§ Work order
The pictures are to be left out when the listing below is reproduced word for word.

(Task data)

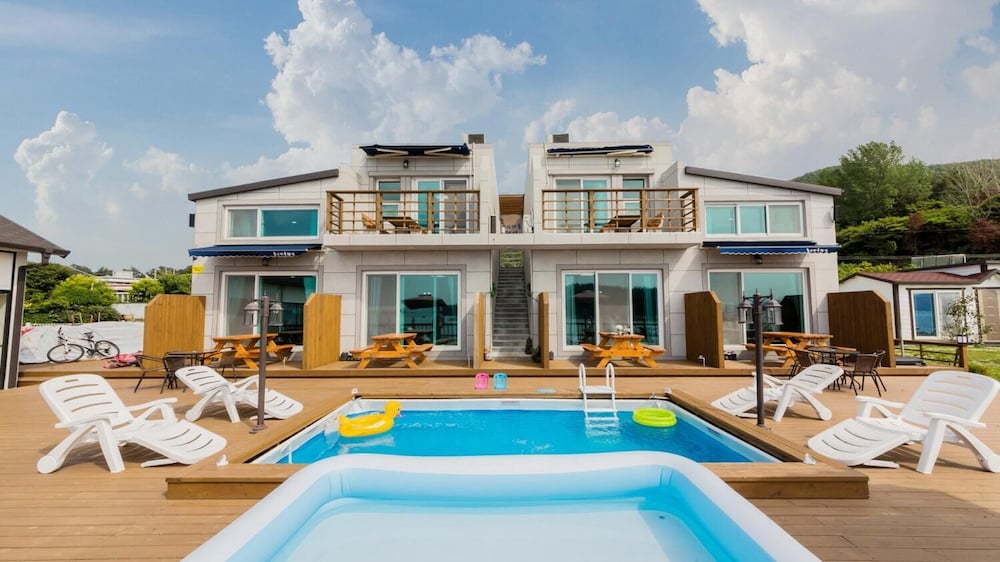 Yeosu Dolsanmaru Pension
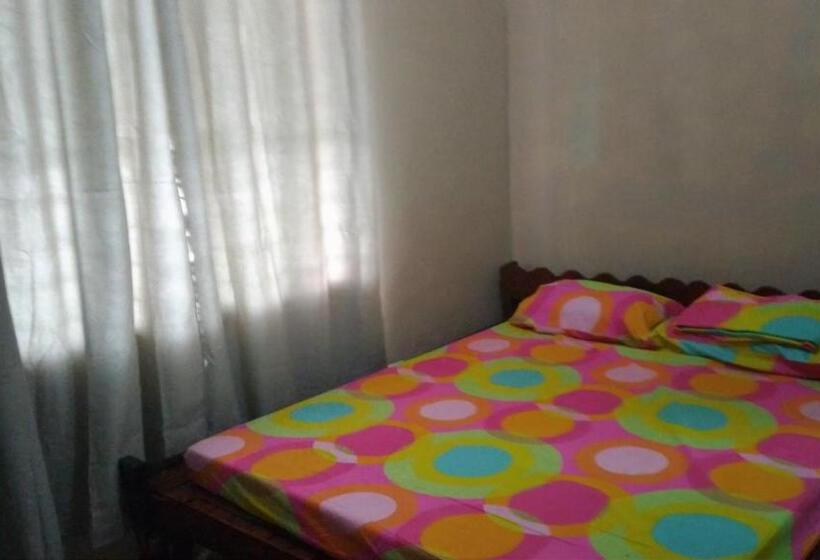 דירת חדר בקומת קרקע, Fleetwood Suites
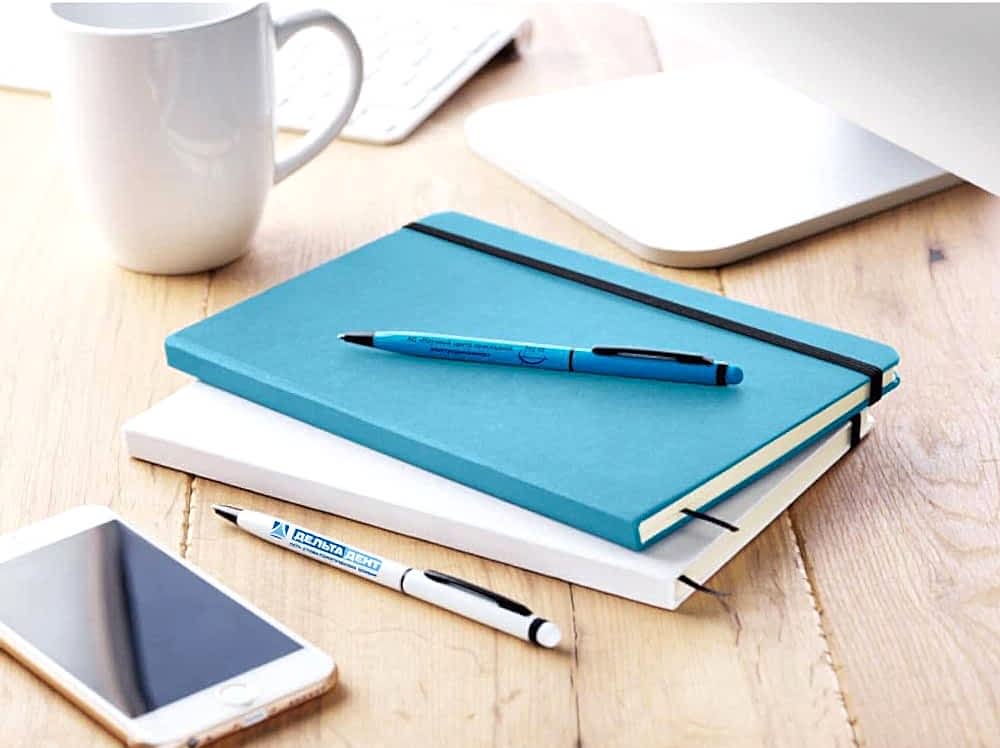 блокнот с ручкой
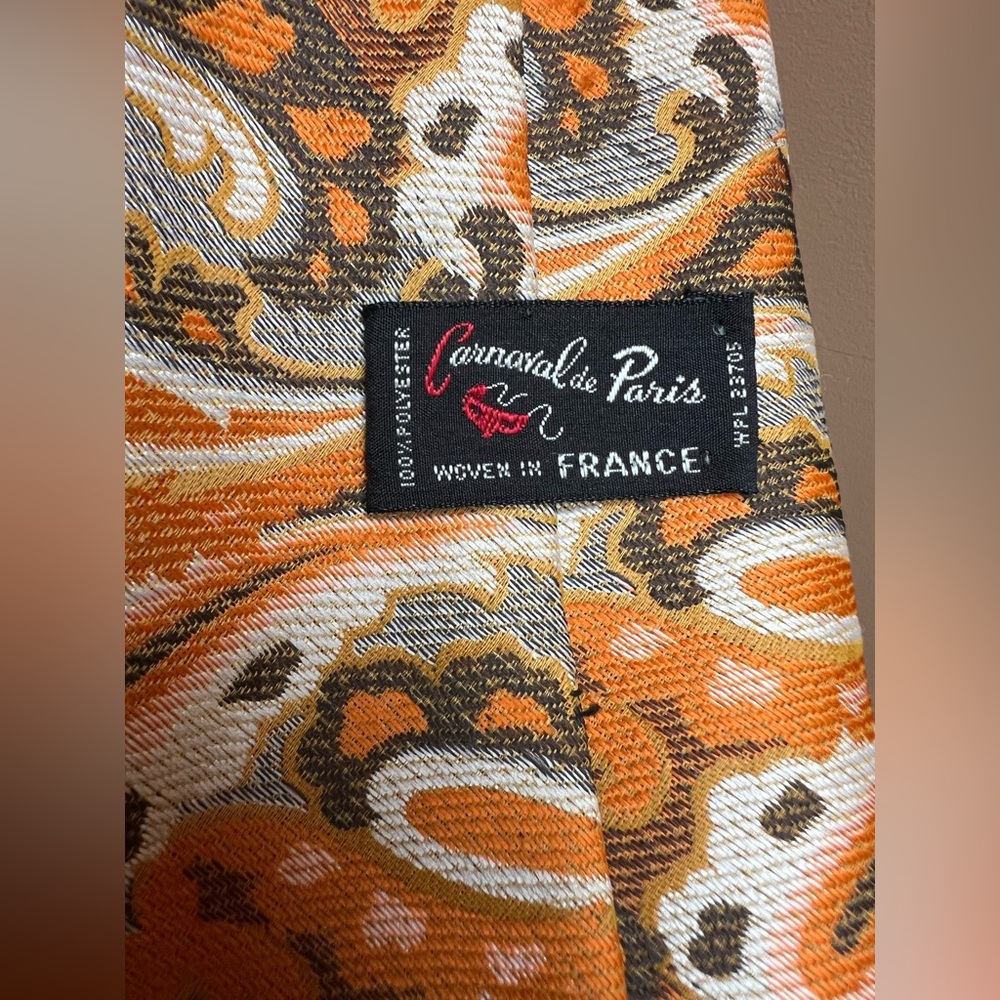 NWOT Vintage Carnaval de Paris Stacked Paisley Tie in Cream, Grey, & Orange. - Picture 8 of 12
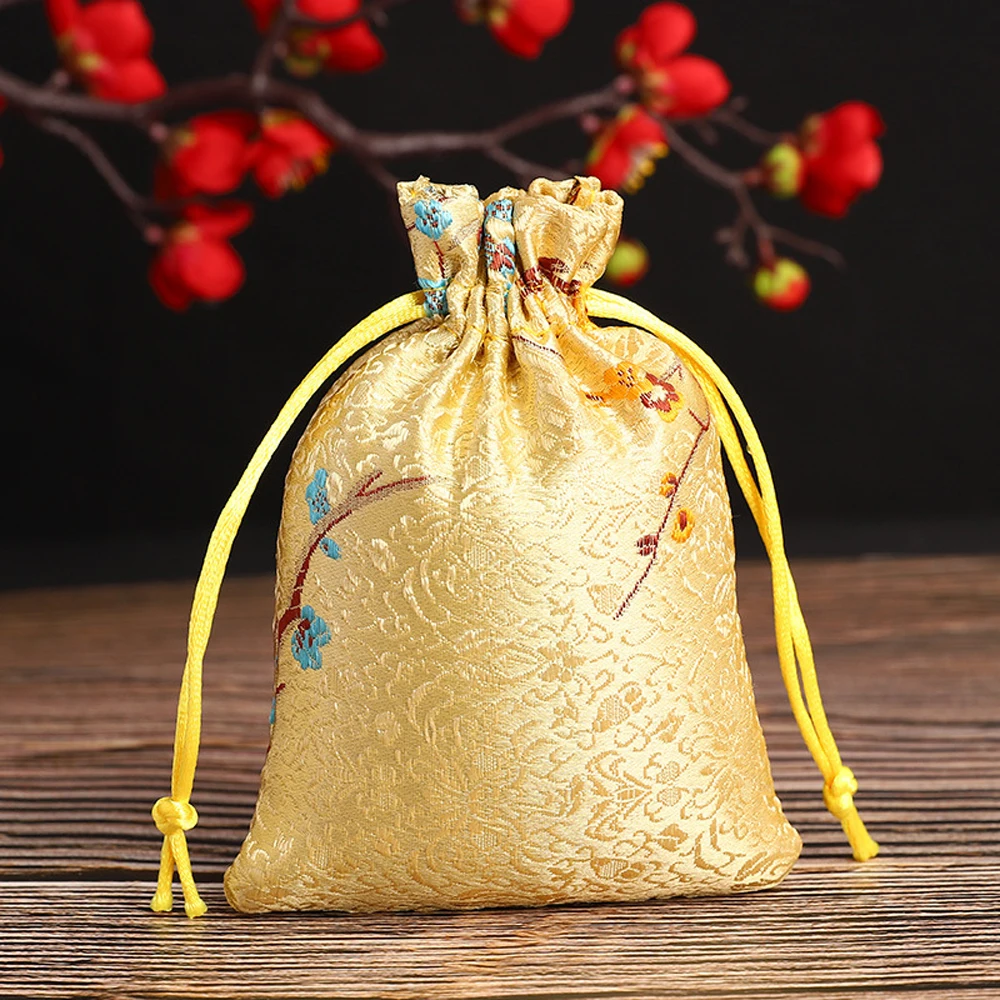 Handmade Embroidered Satin Drawstring Gift Pouch – Elegant Jewelry & Gift Packaging Bag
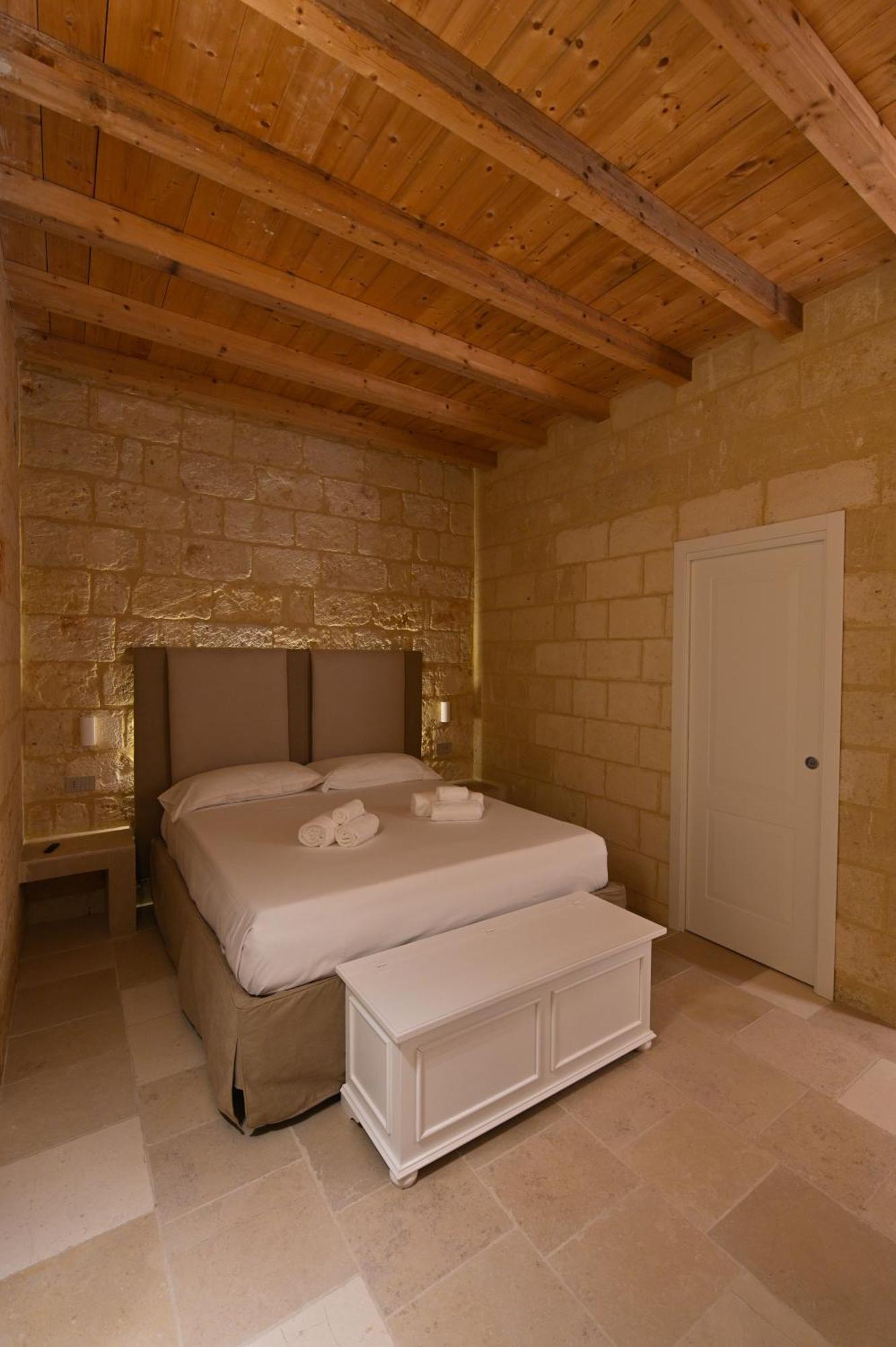 Palazzo Momi Bed and Breakfast Bari Eksteriør billede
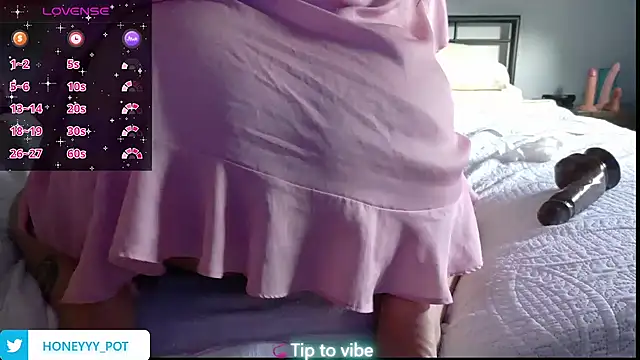 honeeyyy_pot élő XXX-chatje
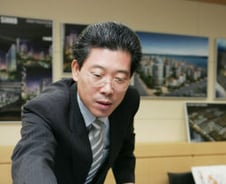 "1만가구 단지 전체가 영어마을이자 특급호텔"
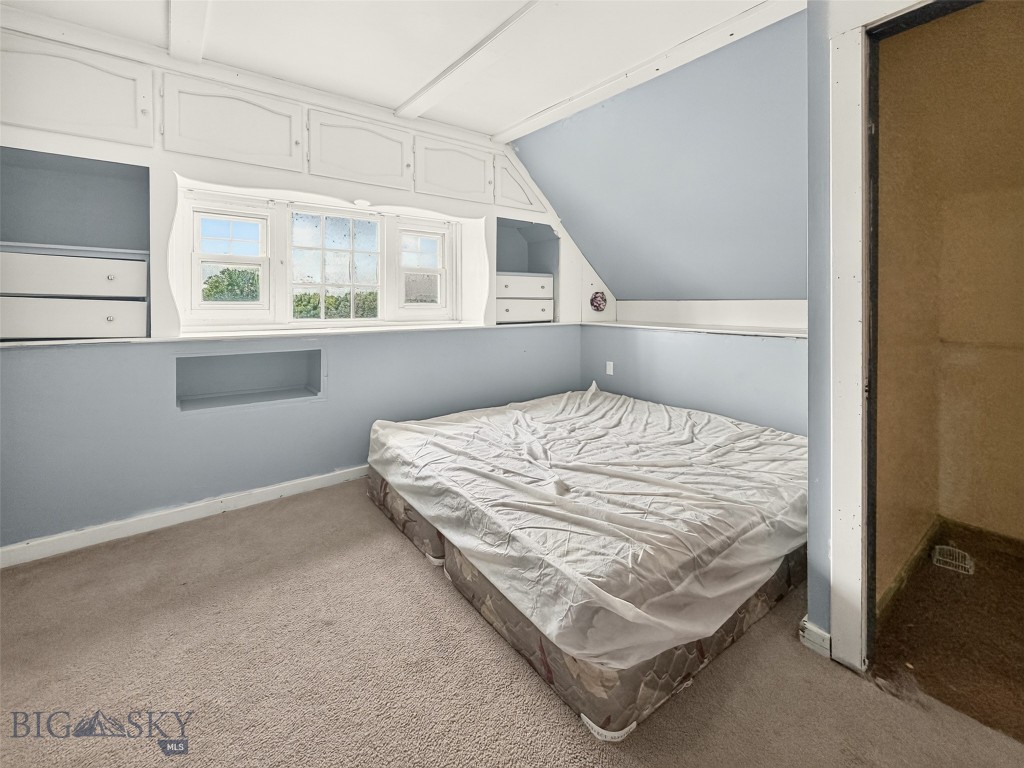 105 W Yellowstone Avenue Property Photo 12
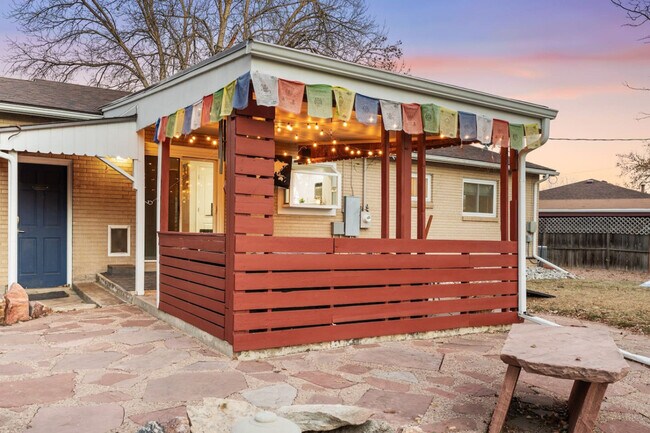 Building Photo - 6029 Iris Way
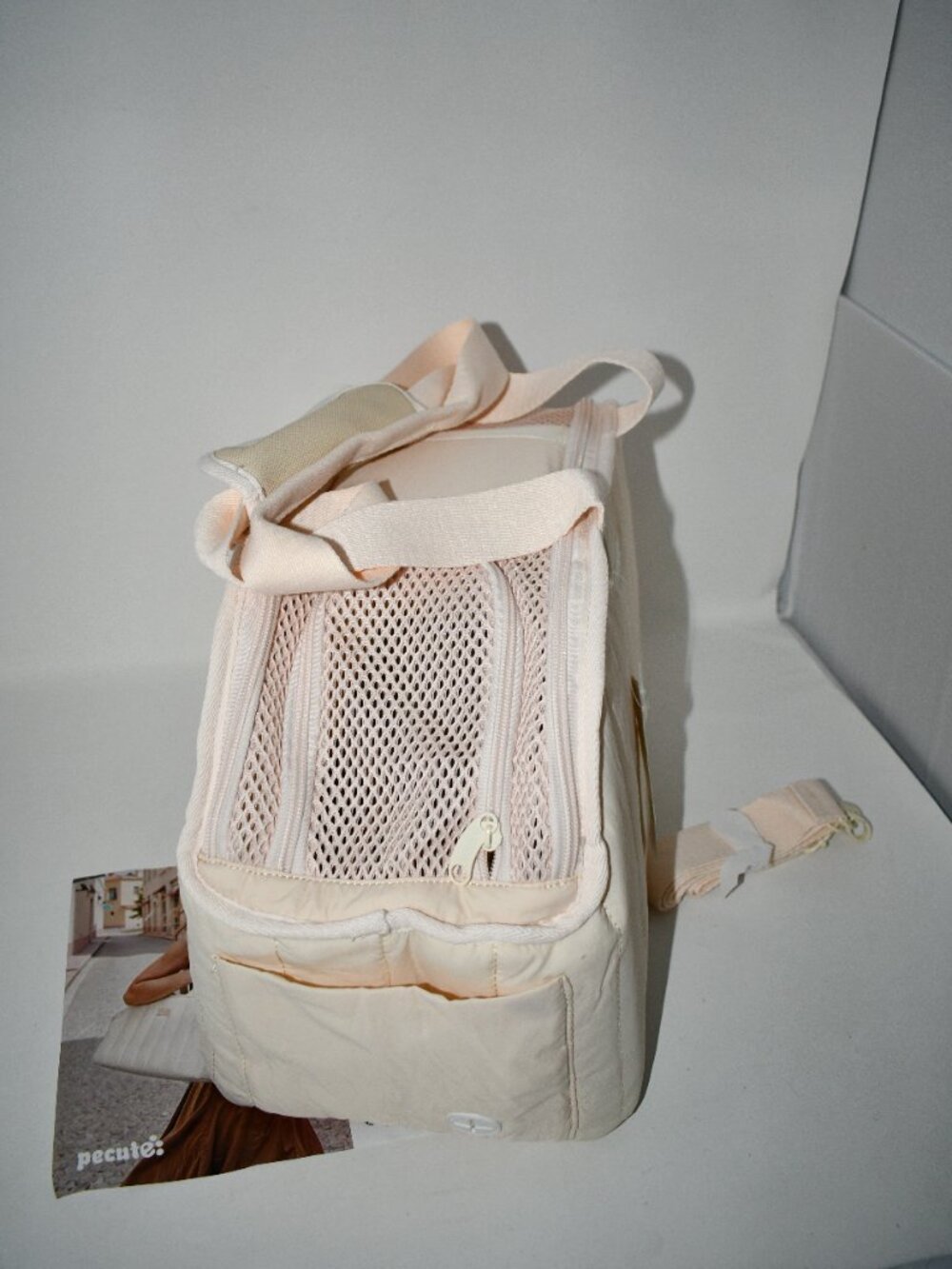 Pecute Dog Purse Carrier, Lightweight Soft-Sided Pet Carrier in Cream NWT - Picture 8 of 11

(End Task data)

§ Finished task
 Yeosu Dolsanmaru Pension
 דירת חדר בקומת קרקע, Fleetwood Suites
 блокнот с ручкой
 NWOT Vintage Carnaval de Paris Stacked Paisley Tie in Cream, Grey, & Orange. - Picture 8 of 12
 Handmade Embroidered Satin Drawstring Gift Pouch – Elegant Jewelry & Gift Packaging Bag
 Palazzo Momi Bed and Breakfast Bari Eksteriør billede
 honeeyyy_pot élő XXX-chatje
 "1만가구 단지 전체가 영어마을이자 특급호텔"
 105 W Yellowstone Avenue Property Photo 12
 Building Photo - 6029 Iris Way
 Pecute Dog Purse Carrier, Lightweight Soft-Sided Pet Carrier in Cream NWT - Picture 8 of 11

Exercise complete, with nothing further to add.